### Problem requirements
The expected result is an exact restatement of the data, free of pictures.

##### Supplied material

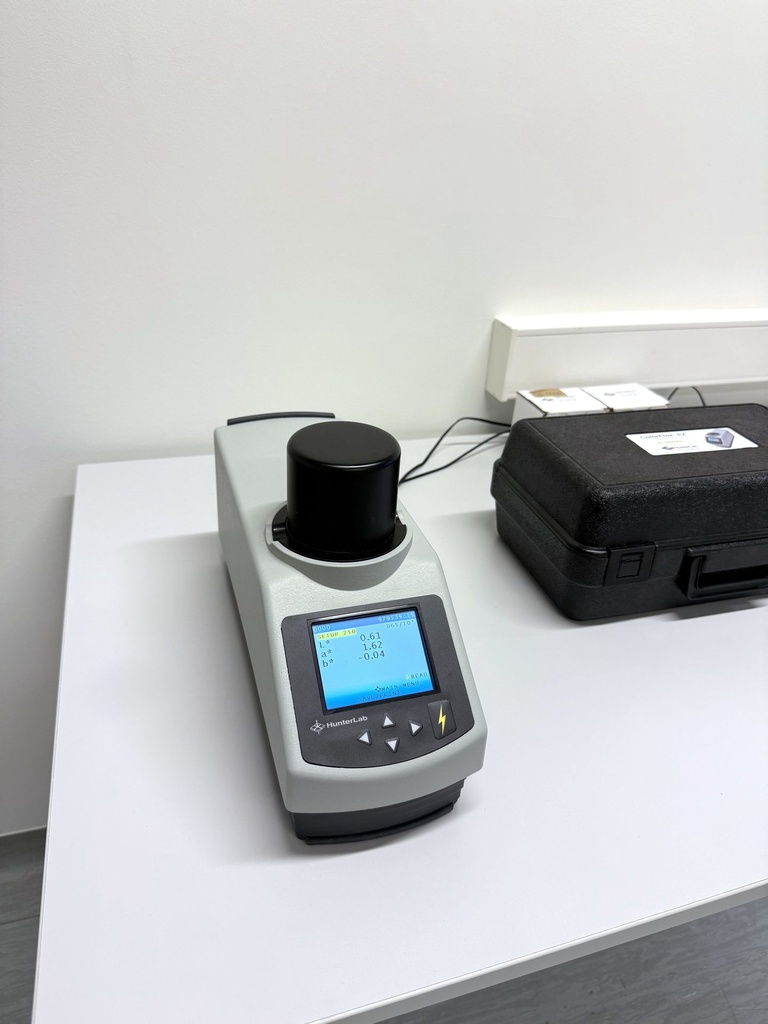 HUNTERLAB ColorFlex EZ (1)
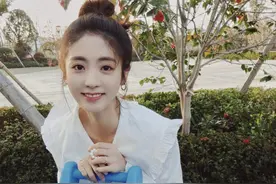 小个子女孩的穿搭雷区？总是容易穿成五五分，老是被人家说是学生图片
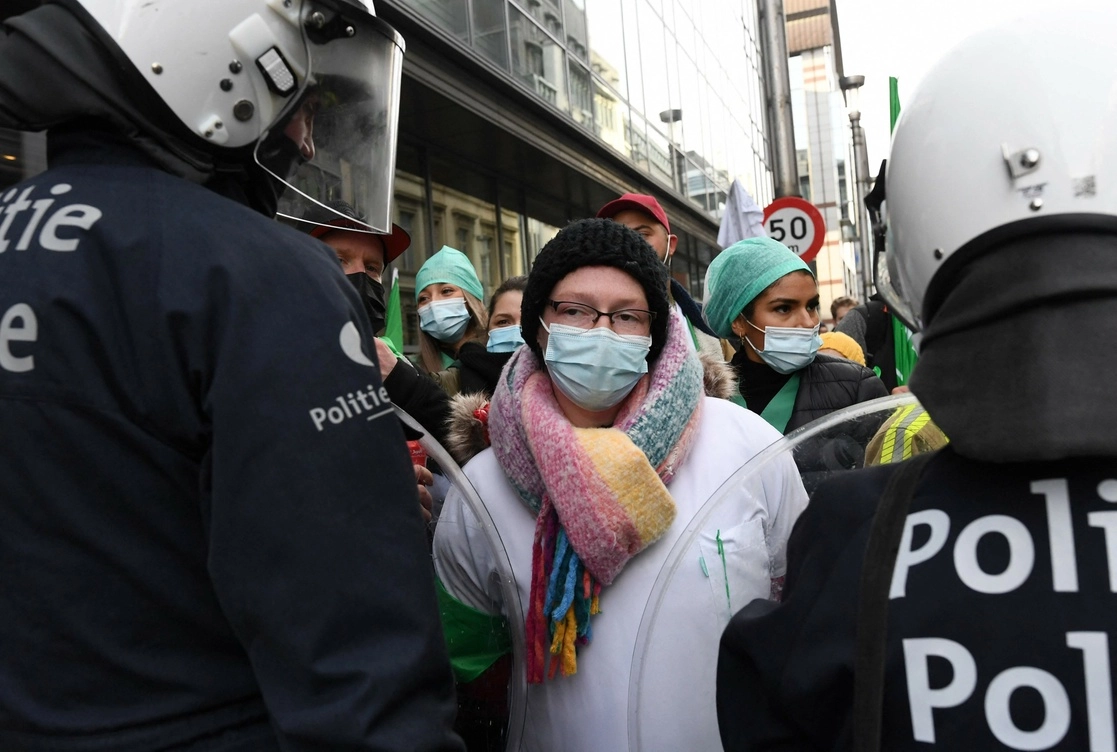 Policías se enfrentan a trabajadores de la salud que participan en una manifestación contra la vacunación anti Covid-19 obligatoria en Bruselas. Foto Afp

##########

### Result of this exercise
 HUNTERLAB ColorFlex EZ (1)
 小个子女孩的穿搭雷区？总是容易穿成五五分，老是被人家说是学生图片
 Policías se enfrentan a trabajadores de la salud que participan en una manifestación contra la vacunación anti Covid-19 obligatoria en Bruselas. Foto Afp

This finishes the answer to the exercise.